[Q] Isn't 'file://foo/bar' asUrl supposed to give a relative FileUrl?

Mon Aug 18 14:39:35 UTC 2003

Michael Rueger <michael at squeakland.org> wrote:
> Lex Spoon wrote:
> > Bert Freudenberg <bert at isg.cs.uni-magdeburg.de> wrote:
> > 
> > 
> >>>It's a useful extension.  Such a URL is not covered in the RFC's, but it
> >>>is useful and people do it.
> >>
> >>I don't think it's useful. I'd consider it even bad and confusing (like 
> >>this discussion clearly shows) because the power of URLs stems from the 
> >>simple fact that it is *only* a well-defined string. Also, the code 
> >>becomes rather ugly, with "isAbsolute ifTrue: [...]" scattered around 
> >>the place.
> 
> A few things from the RFC are below.
> The problem that I have with the current implementation is not that it 
> is incomplete, but it does too many things. URIs are basically strings 
> without any semantic meaning in respect to the scheme. The scheme only 
> becomes "meaningful" through its interpretation as a protocol. So the 
> right thing to do IM(H)O is to have "pure" URIs like in my package and 
> dispatch any operations to the protocol counter part, be it the file 
> system or an ftp or http client.
> 

I agree that URL or URI objects should be "pure", and that's how the
hierarchy in Squeak is actually designed.  In retrospect, I agree that
relative FileURL's are handled badly.  I now think that isAbsolute
should have been handled at parse time, because there is no point in
sending such a URL across the network.  At the time, that style of URL
was more common and I thought it would be better to represent it
accurately; on further thought, it is slightly more important that the
URL's themselves remain strictly correct.

But, I also think this kind of thing should be handled in the parser,
not the protocol handler.  I don't even understand how the protocol
handler *could* handle it.  If you have a parsed URL, then you have a
scheme already and so it's too late to make a decision about what to do
with 'www.google.com' or 'foo.txt'.  If there is going to be smart
parsing, then it seems like the parser needs to do it.

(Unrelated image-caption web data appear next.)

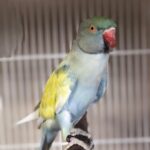 How do I know if I have found the best Parakeet breeders in California for my needs?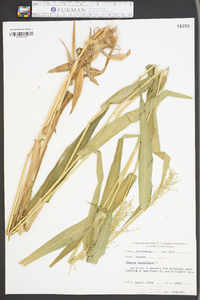 Panicum clandestinum image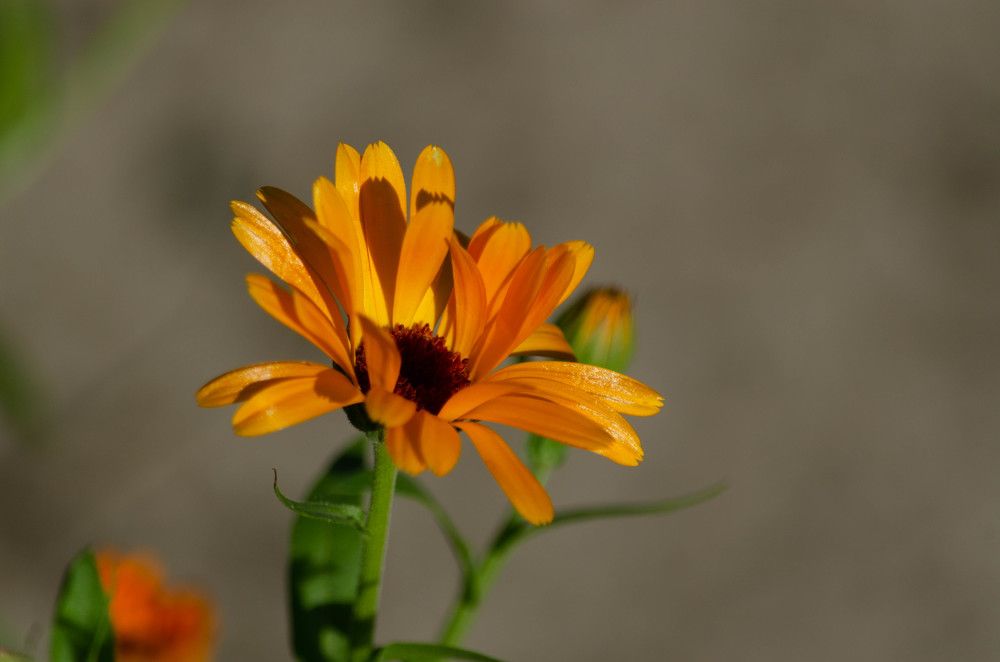 Photograph by Вадим Басов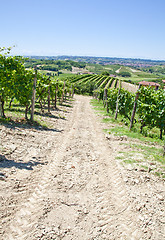 Image showing Italy - Piedmont region. Barbera vineyard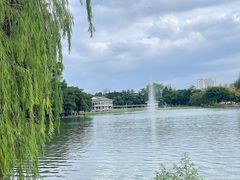 -荔湾湖公园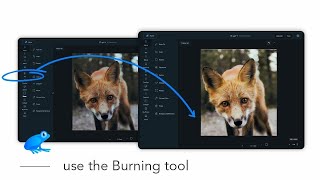 How to use the Burning tool - Ribbet web version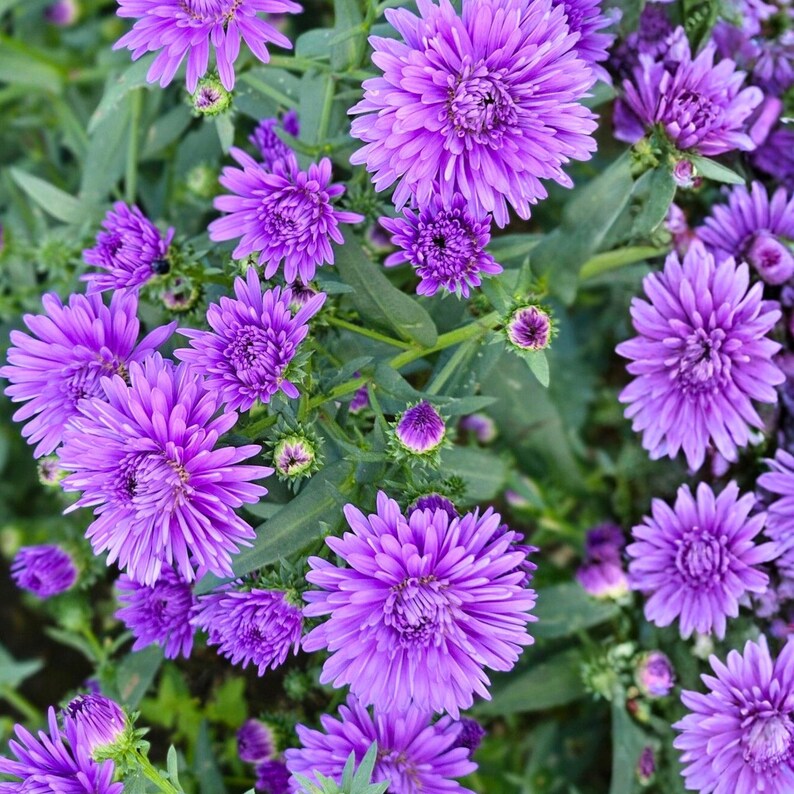 50 Purple Aster Seeds • Perennial Flower for Beds, Borders, Pollinator ...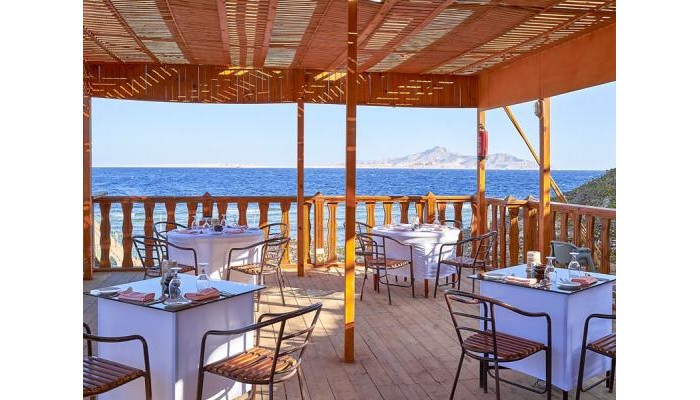 Parrotel Beach Resort poza 21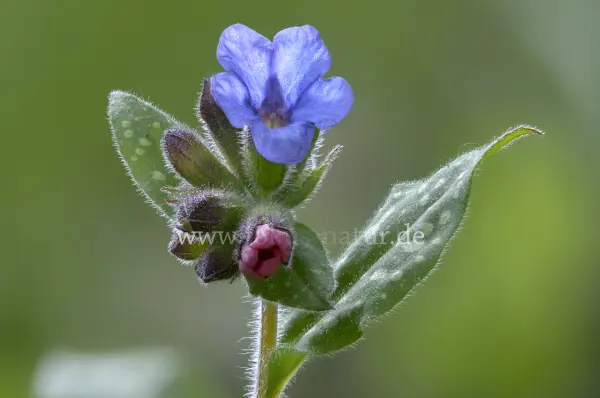 Fokus-Natur Bild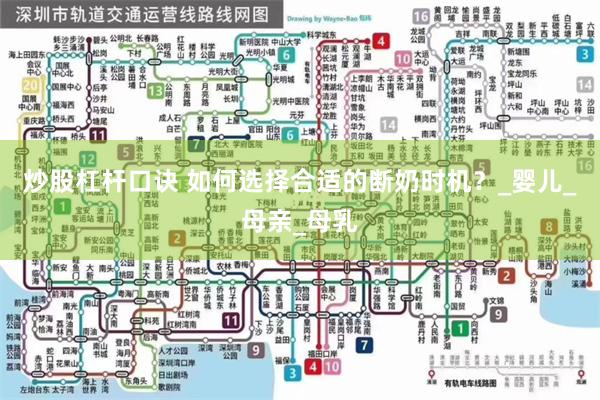炒股杠杆口诀 如何选择合适的断奶时机？_婴儿_母亲_母乳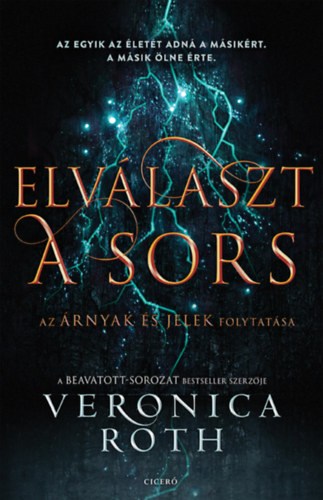 Veronica Roth - Elválaszt a sors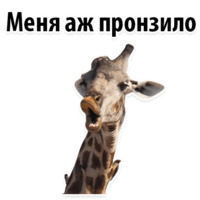 Молодёжный сленг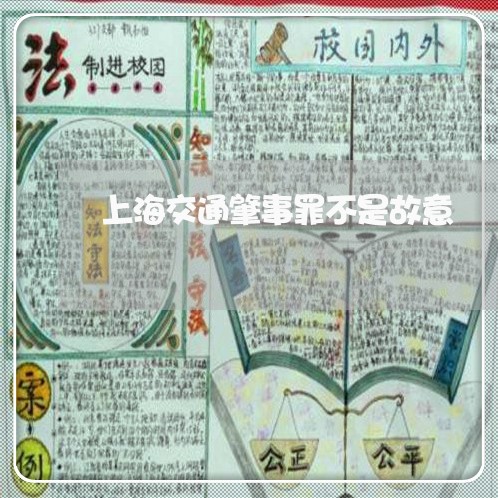 上海交通肇事罪不是故意/2023022893826 上海交通肇事罪不是故意/2023022893826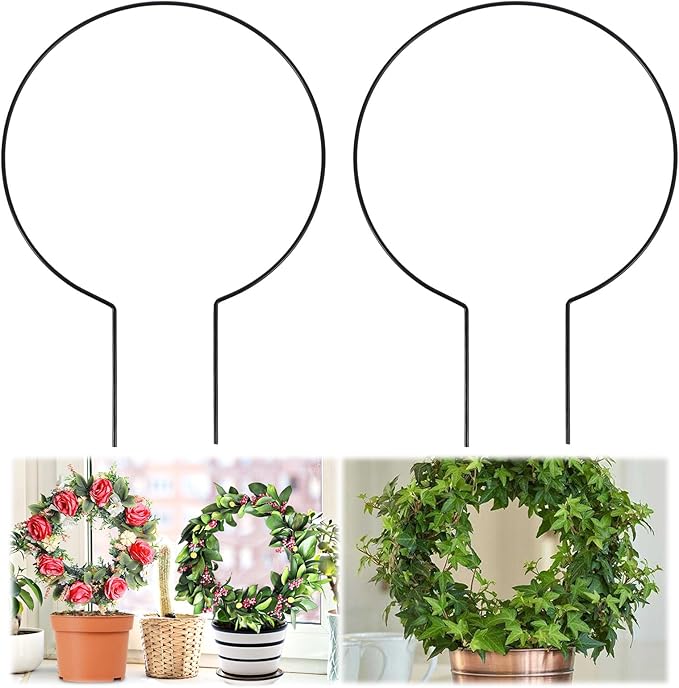 2 Pack Round Plant Trellis for Indoor Potted Plants, Acrylic Small Trellis for by Tyqour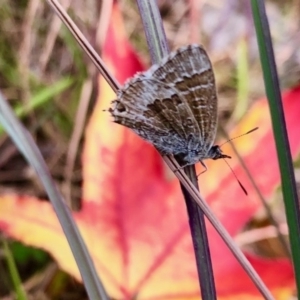 Theclinesthes serpentata at Aranda, ACT - 31 May 2020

> The problems that are evident in all these hacks throughout the URL 
> classes stem from trying to interpret non-conforming URI constructs in a 
> "smart" way.  If you actually stick to the spec, especially the part
> 
>    Indeed, the
>     base URI is necessary to define the semantics of any relative URI
>     reference; without it, a relative reference is meaningless.
> 
> none of the discussed problems are an issue.
> E.g., 'g' asUrl -> http://g/  is one of these smart things that are just 
> plain incorrect.
> 

What do you mean by incorrect?  This behavior is correct according to
the letter of the RFC's, because the input is invalid to begin with. 
It's also correct according to the spirit of being generous in what you
accept, which is a spirit that goes back to the dawn of the Internet.

For the record, I don't think that an application should use such a
malformed URL, and I do wish that a strict parser were available in
addition to the loose one.  But if there is only one parser, it seems
like it may as well be tolerant.

Finally, nothing in the URL hierarchy that has the 'ls' initials on it
is a "hack".  I expected URL's to be a cornerstone of a WWW-friendly
Squeak, and thus I tried to be careful with both the design and the
implementation.  If the code is really so horrendous, please be gentle
in your depictions.  :)

I want Squeak to have the best code possible, and I promise I'm not just
being stubborn.  I am worried that carefully written code might be
getting tossed wholesale simply because a rewrite seems so much more
exciting.  When I see the word "hack" being thrown around, then that
worry becomes an outright suspicion.  Let's play nice and try to make
Squeak as good as possible.  Surely we should prefer carefully written
code that has stood 5 years of usage, until we have something specific
to improve on.  The problems being discussed are small and easy to fix;
is it worth it do swap them for outright bugs we'll have to track down?

At this point, I think the best steps forward would be:

	1. Modify FileURL so that isAbsolute is handled at parse time.

	2. Somehow make both strict and tolerant parsers be possible.  In
particular, there are three places to look at:  'www.google.com',
'file:foo.txt', and 'file:/foo.txt'. 

	3. Make FileURL a subclass of HierarchicalURL, so that it parses and
prints hostnames properly.  This is likely to cause bugs.  :(

Oh, and:

	4. Clean up FileURL in general.  In particular, its absoluteFromText:
should probably not exist, and the pathForBlah methods need some
examination.

I'll take a stab at most of these as time allows, barring objections of
course.

Lex